## The records

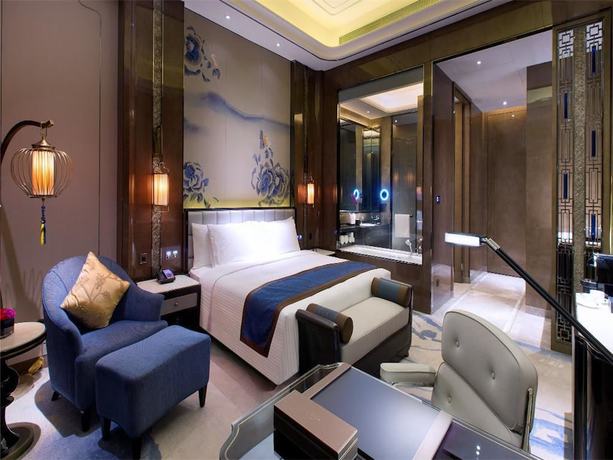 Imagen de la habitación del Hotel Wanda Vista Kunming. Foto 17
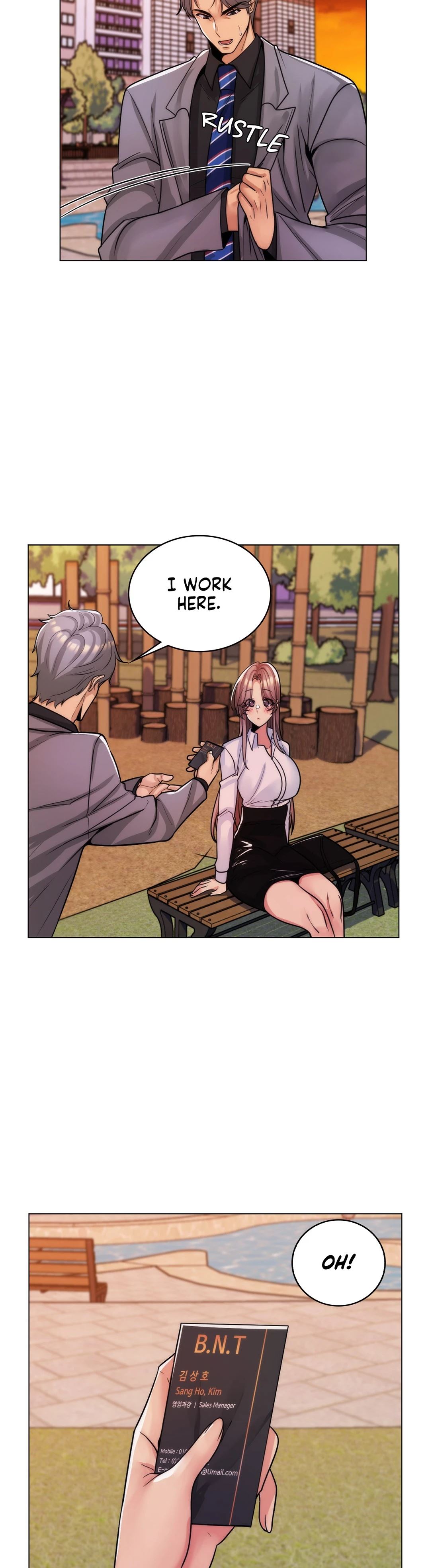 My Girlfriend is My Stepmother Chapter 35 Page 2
--
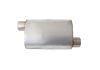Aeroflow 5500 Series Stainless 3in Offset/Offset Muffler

## What you are asked to do
From the records above, quote word for word only the lines beginning at the line that has "Imagen de la" and stopping after the line that has "My Girlfriend is". Omit the pictures.

## Answer to this problem
 Imagen de la habitación del Hotel Wanda Vista Kunming. Foto 17
 My Girlfriend is My Stepmother Chapter 35 Page 2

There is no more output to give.